Colossus currently comprises 100,000 NVIDIA Hopper GPUs (graphics processing units) and is in the process of doubling to include 200,000 Hoppers. Colossus is located in Memphis, TN.
“The supporting facility and state-of-the-art supercomputer was built by xAI and NVIDIA in just 122 days, instead of the typical timeframe for systems of this size that can take many months to years,” NVIDIA said when announcing the Ethernet platform’s role in the cluster.
“Colossus is the most powerful training system in the world,” said Elon Musk on X. “Nice work by xAI team, NVIDIA and our many partners/suppliers.”
NVIDIA further reported that across all three tiers of the network fabric, the system has experience zero application latency degradation or packet loss due to flow collisions. “It has maintained 95% data throughput enabled by Spectrum-X congestion control,” NVIDIA stated. “This level of performance cannot be achieved at scale with standard Ethernet, which creates thousands of flow collisions while delivering only 60% data throughput.”
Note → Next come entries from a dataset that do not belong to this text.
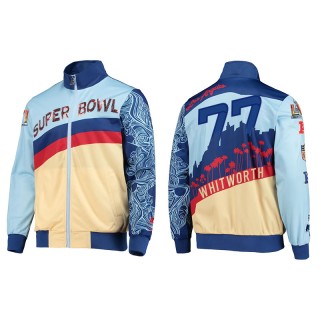 Andrew Whitworth Rams Blue Cream Super Bowl LVI Jacket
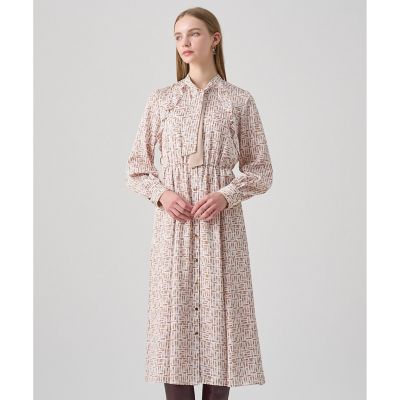 リッププリントボウタイフレア ワンピース | ANAYI/アナイ | 三越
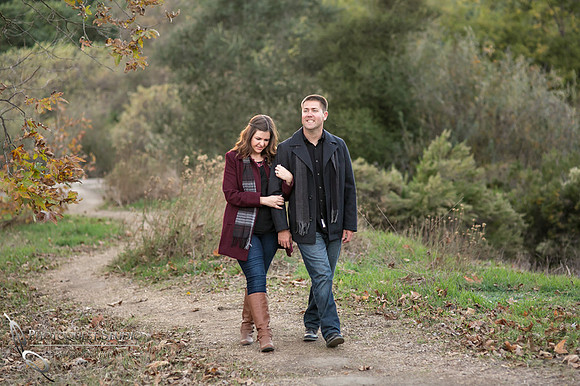 Fall Engagement  Photo by Temecula and Fallbrook Wedding Photographer, Carly and Brian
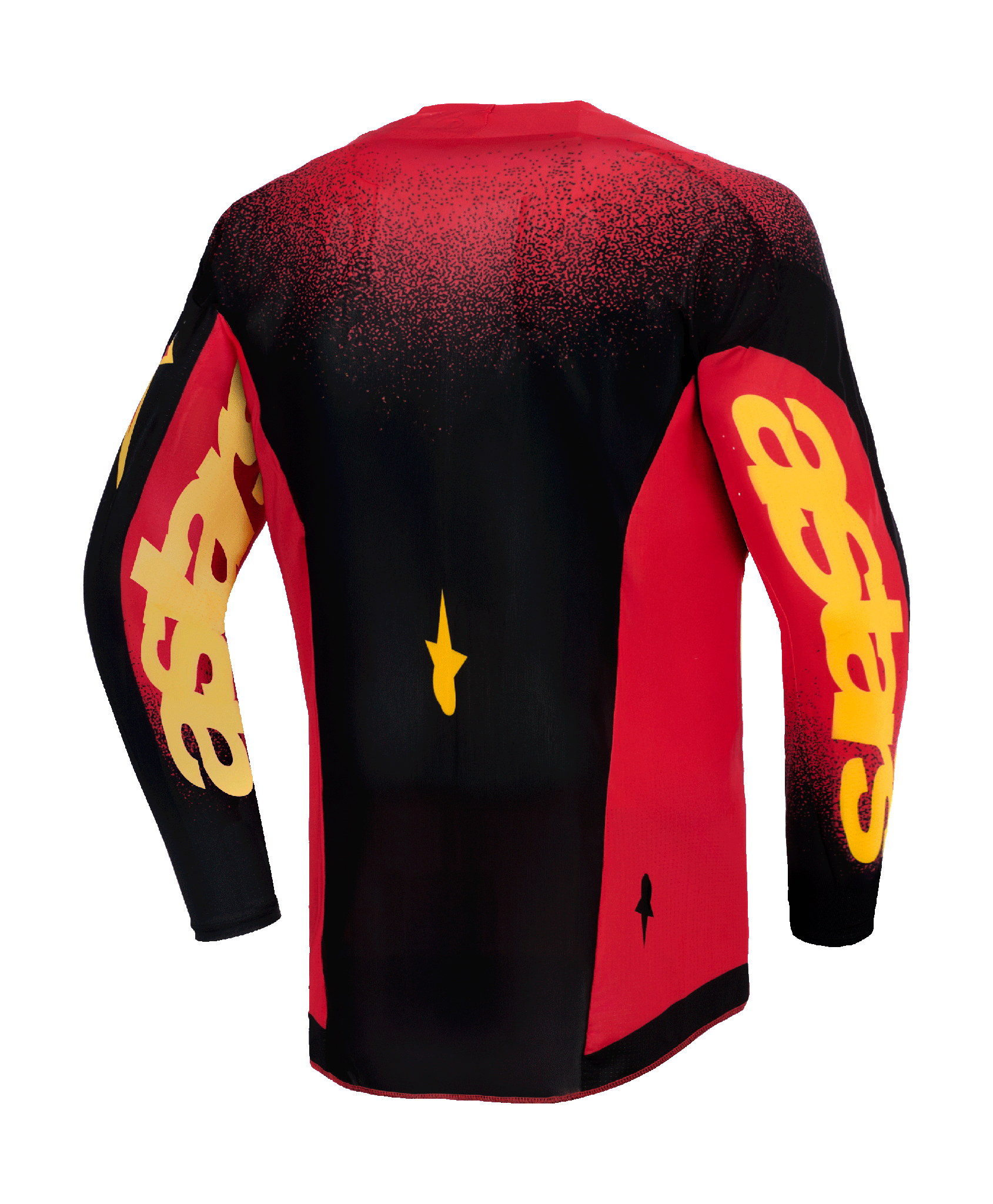 Alpinestars Kinder Cross Shirt 2026 Supertech Scenz - Rood / Zwart / Geel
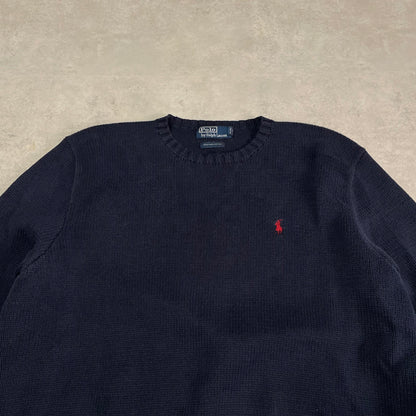 Ralph Lauren kötött környakú pulóver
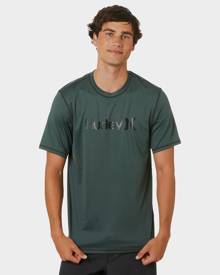 Hurley One And Only Surf Shirt Ss Rash Vest Galactic Jade Galactic Jade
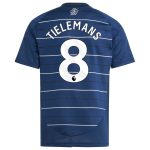 aston villa adidas third shirt 2024-25 – kids with tielemans 8 printing Collection | Official Aston Villa FC Gear Online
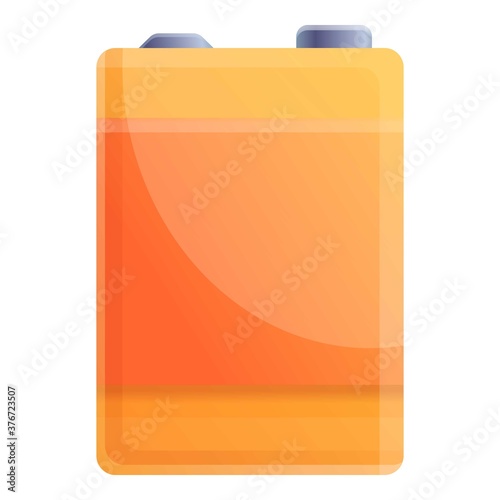 Supply battery icon. Cartoon of supply battery vector icon for web design isolated on white background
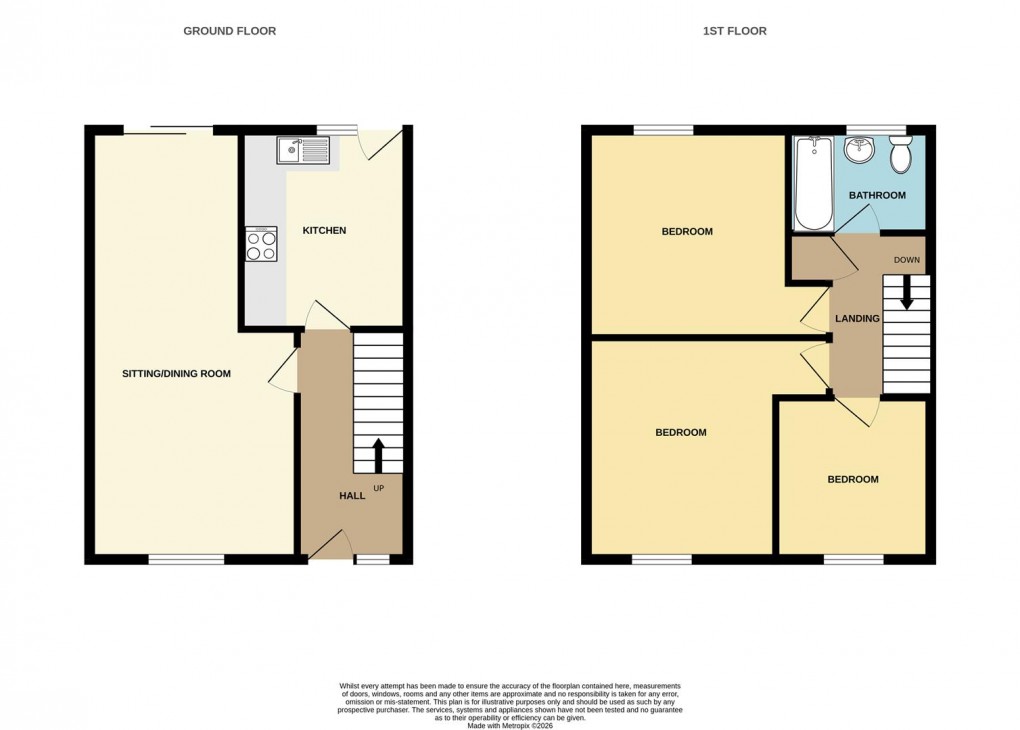 Floorplan for Trenarren View, St. Austell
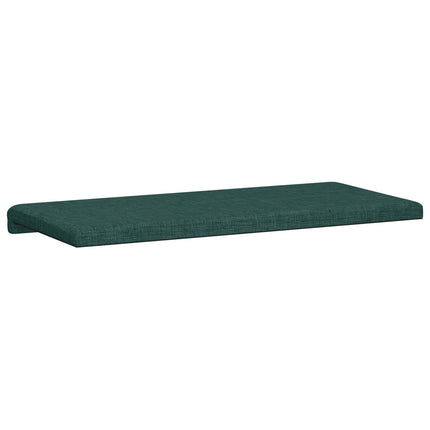 Bänk kudde Tyg Mörkgrön Djup 35 cm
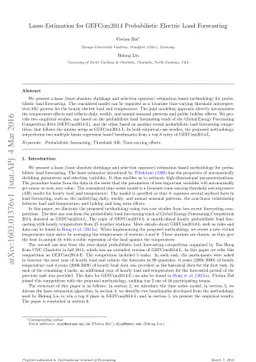 Lasso estimation for GEFCom2014 probabilistic electric load forecasting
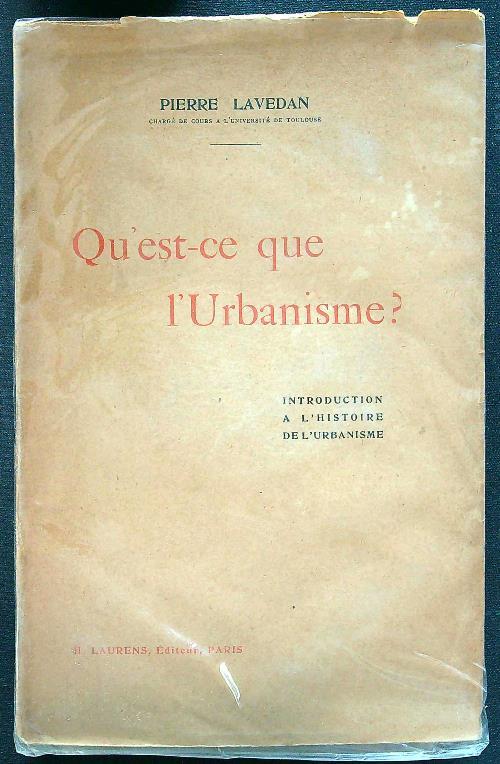 Qu'est-ce que l'urbanisme?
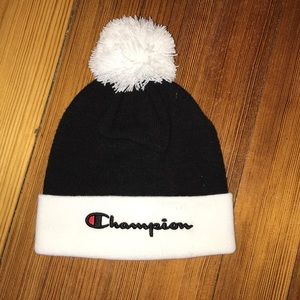 black champion hat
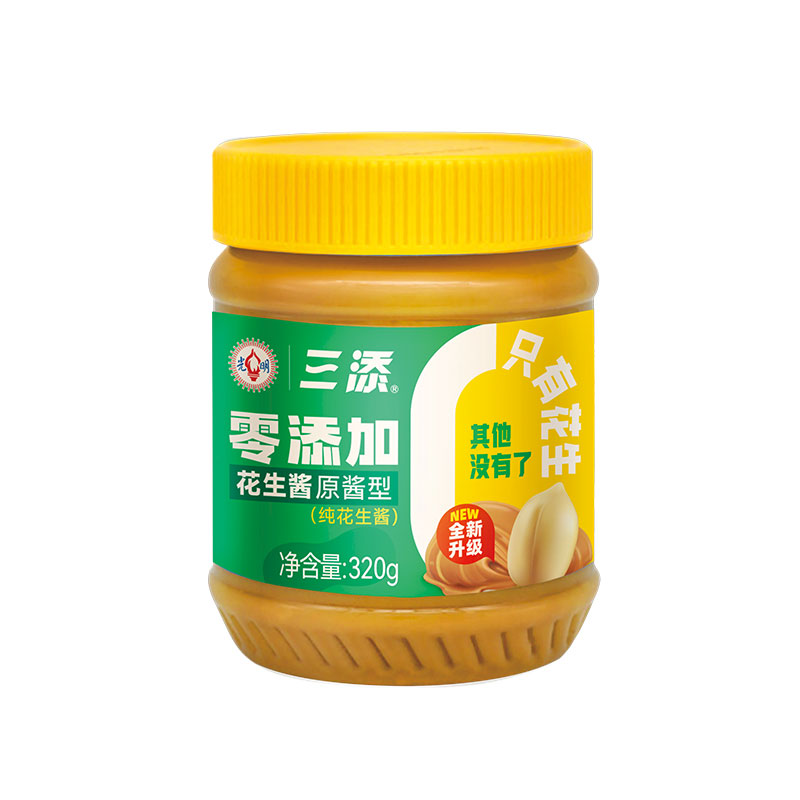 三添黑芝麻油370ml+花生醬原醬型320g 菜管家商品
“AI is becoming mission-critical and requires increased performance, security, scalability and cost-efficiency,” said Gilad Shainer, senior vice president of networking at NVIDIA. “The NVIDIA Spectrum-X Ethernet networking platform is designed to provide innovators such as xAI with faster processing, analysis and execution of AI workloads, and in turn accelerates the development, deployment, and time-to-market of AI solutions.”
A spokesperson for xAI said it “has built the world’s largest, most-powerful supercomputer. NVIDIA’s Hopper GPUs and Spectrum-X allow us to push the boundaries of training AI models at a massive scale, creating a super-accelerated and optimized AI factor based on the Ethernet standard.”
The Spectrum SN5600 supports speeds of up to 800 Gbits/sec and is based on the Spectrum-4 switch ASIC. xAI is pairing the Spectrum-X SN5600 switch with NVIDIA BlueField-3 SuperNICs.
NVIDIA concluded its announcement by saying that Spectrum-X Ethernet networking for AI “brings advanced features that deliver highly effective and scalable bandwidth with low latency and short tail latency, previously exclusive to InfiniBand. These features include adaptive routing with NVIDIA Direct Path Placement technology, congestion control, as well as enhanced AI fabric visibility and performance isolation—all key requirements for multi-tenant generative AI clouds and large enterprise environments.”